From: Nitin Gupta <nitin.m.gupta@oracle.com>
To: linux-mm@kvack.org
Cc: steven.sistare@oracle.com,
"Nitin Gupta" <nitin.m.gupta@oracle.com>,
"Andrew Morton" <akpm@linux-foundation.org>,
"Ingo Molnar" <mingo@kernel.org>, "Mel Gorman" <mgorman@suse.de>,
"Nadav Amit" <namit@vmware.com>,
"Minchan Kim" <minchan@kernel.org>,
"Kirill A. Shutemov" <kirill.shutemov@linux.intel.com>,
"Peter Zijlstra" <peterz@infradead.org>,
"Vegard Nossum" <vegard.nossum@oracle.com>,
"Levin, Alexander (Sasha Levin)" <alexander.levin@verizon.com>,
"Michal Hocko" <mhocko@suse.com>,
"David Rientjes" <rientjes@google.com>,
"Vlastimil Babka" <vbabka@suse.cz>,
"SeongJae Park" <sj38.park@gmail.com>, "Shaohua Li" <shli@fb.com>,
"Aneesh Kumar K.V" <aneesh.kumar@linux.vnet.ibm.com>,
"Andrea Arcangeli" <aarcange@redhat.com>,
"Mike Rapoport" <rppt@linux.vnet.ibm.com>,
"Anshuman Khandual" <khandual@linux.vnet.ibm.com>,
"Rik van Riel" <riel@redhat.com>,
"Ross Zwisler" <ross.zwisler@linux.intel.com>,
"Jan Kara" <jack@suse.cz>, "Dave Jiang" <dave.jiang@intel.com>,
"Jérôme Glisse" <jglisse@redhat.com>,
"Matthew Wilcox" <willy@linux.intel.com>,
"Hugh Dickins" <hughd@google.com>,
"Tobin C Harding" <me@tobin.cc>,
"open list" <linux-kernel@vger.kernel.org>
Subject: [PATCH] mm: Reduce memory bloat with THP
Date: Thu, 14 Dec 2017 17:28:52 -0800 [thread overview]
Message-ID: <1513301359-117568-1-git-send-email-nitin.m.gupta@oracle.com> (raw)
Currently, if the THP enabled policy is "always", or the mode
is "madvise" and a region is marked as MADV_HUGEPAGE, a hugepage
is allocated on a page fault if the pud or pmd is empty. This
yields the best VA translation performance, but increases memory
consumption if some small page ranges within the huge page are
never accessed.
An alternate behavior for such page faults is to install a
hugepage only when a region is actually found to be (almost)
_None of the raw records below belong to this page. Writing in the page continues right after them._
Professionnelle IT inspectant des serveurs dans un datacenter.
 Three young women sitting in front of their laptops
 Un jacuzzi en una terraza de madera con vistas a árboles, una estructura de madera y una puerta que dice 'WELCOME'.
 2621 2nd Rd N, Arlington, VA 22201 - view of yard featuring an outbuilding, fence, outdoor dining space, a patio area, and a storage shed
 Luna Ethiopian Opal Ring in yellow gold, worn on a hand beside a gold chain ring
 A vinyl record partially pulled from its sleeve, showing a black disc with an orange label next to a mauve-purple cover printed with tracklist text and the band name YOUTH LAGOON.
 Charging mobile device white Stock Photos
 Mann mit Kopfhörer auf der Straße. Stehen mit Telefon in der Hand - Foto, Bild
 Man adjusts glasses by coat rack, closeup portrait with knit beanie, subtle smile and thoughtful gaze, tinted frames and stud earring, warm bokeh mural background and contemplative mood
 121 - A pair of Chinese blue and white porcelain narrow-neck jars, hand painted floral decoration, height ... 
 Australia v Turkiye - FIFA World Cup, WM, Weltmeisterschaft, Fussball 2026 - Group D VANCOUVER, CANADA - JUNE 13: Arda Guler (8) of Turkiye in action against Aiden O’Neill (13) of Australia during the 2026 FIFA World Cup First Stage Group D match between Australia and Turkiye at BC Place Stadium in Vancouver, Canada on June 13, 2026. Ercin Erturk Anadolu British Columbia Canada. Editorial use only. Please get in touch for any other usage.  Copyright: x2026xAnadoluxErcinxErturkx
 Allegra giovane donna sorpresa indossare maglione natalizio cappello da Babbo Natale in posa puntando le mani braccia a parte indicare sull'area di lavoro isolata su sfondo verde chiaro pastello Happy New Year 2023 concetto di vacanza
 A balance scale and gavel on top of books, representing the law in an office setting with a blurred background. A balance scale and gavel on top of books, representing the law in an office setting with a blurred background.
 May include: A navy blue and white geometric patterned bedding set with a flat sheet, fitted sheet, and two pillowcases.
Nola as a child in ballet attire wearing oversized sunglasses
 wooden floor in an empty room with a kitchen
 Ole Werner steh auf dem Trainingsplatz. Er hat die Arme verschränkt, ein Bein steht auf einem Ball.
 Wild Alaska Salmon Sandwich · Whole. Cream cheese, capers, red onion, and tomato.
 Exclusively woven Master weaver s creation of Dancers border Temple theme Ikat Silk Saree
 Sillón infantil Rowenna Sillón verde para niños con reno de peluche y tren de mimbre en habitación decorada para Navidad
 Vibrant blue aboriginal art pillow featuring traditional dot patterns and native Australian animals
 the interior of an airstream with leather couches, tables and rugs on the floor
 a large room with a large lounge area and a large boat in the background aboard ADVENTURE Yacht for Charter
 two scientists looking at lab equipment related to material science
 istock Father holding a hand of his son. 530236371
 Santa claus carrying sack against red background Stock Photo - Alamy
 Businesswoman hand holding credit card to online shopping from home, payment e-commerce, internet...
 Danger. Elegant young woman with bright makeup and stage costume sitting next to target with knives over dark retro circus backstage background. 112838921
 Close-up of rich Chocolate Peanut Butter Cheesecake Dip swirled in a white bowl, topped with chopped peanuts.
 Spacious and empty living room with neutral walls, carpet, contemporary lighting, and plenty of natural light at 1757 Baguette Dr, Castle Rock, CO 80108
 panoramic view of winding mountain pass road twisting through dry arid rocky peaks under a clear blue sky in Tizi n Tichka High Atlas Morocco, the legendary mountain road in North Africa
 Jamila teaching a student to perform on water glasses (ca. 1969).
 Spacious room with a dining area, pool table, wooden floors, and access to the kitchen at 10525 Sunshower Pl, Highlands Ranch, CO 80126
fully mapped and active. This is a compromise between
translation performance and memory consumption. Currently there
is no way for an application to choose this compromise for the
page fault conditions above.
With this change, when an application issues MADV_DONTNEED on a
memory region, the region is marked as "space-efficient". For
such regions, a hugepage is not immediately allocated on first
write. Instead, it is left to the khugepaged thread to do
delayed hugepage promotion depending on whether the region is
actually mapped and active. When application issues
MADV_HUGEPAGE, the region is marked again as non-space-efficient
wherein hugepage is allocated on first touch.
Orabug: 26910556
Reviewed-by: Steve Sistare <steven.sistare@oracle.com>
Signed-off-by: Nitin Gupta <nitin.m.gupta@oracle.com>
---
include/linux/mm_types.h | 1 +
mm/khugepaged.c | 1 +
mm/madvise.c | 1 +
mm/memory.c | 6 ++++--
4 files changed, 7 insertions(+), 2 deletions(-)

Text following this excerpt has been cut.